» **Exercise brief**
Only lines containing "that" belong in the answer, each copied from the entries below.

» **Information**
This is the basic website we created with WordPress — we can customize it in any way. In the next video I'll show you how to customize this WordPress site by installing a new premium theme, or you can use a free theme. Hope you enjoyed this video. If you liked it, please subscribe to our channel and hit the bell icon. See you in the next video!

--

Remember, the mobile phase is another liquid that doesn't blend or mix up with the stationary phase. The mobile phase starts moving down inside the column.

...

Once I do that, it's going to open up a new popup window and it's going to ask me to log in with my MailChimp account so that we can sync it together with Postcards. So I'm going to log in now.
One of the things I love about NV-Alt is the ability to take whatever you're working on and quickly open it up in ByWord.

» **Solution to the problem**
Remember, the mobile phase is another liquid that doesn't blend or mix up with the stationary phase. The mobile phase starts moving down inside the column.
Once I do that, it's going to open up a new popup window and it's going to ask me to log in with my MailChimp account so that we can sync it together with Postcards. So I'm going to log in now.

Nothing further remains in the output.